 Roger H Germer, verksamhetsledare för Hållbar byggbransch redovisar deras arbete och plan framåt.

- - -

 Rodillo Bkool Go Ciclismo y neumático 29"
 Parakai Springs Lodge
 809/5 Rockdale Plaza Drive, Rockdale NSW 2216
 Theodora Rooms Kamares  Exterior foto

- - -

EXERCISE DETAILS: Would you copy, unchanged, the stretch of the records above that begins at the line containing "Parakai Springs Lodge" and ends at the line containing "Theodora Rooms Kamares", and only that?

RESPONSE BELOW:
 Parakai Springs Lodge
 809/5 Rockdale Plaza Drive, Rockdale NSW 2216
 Theodora Rooms Kamares  Exterior foto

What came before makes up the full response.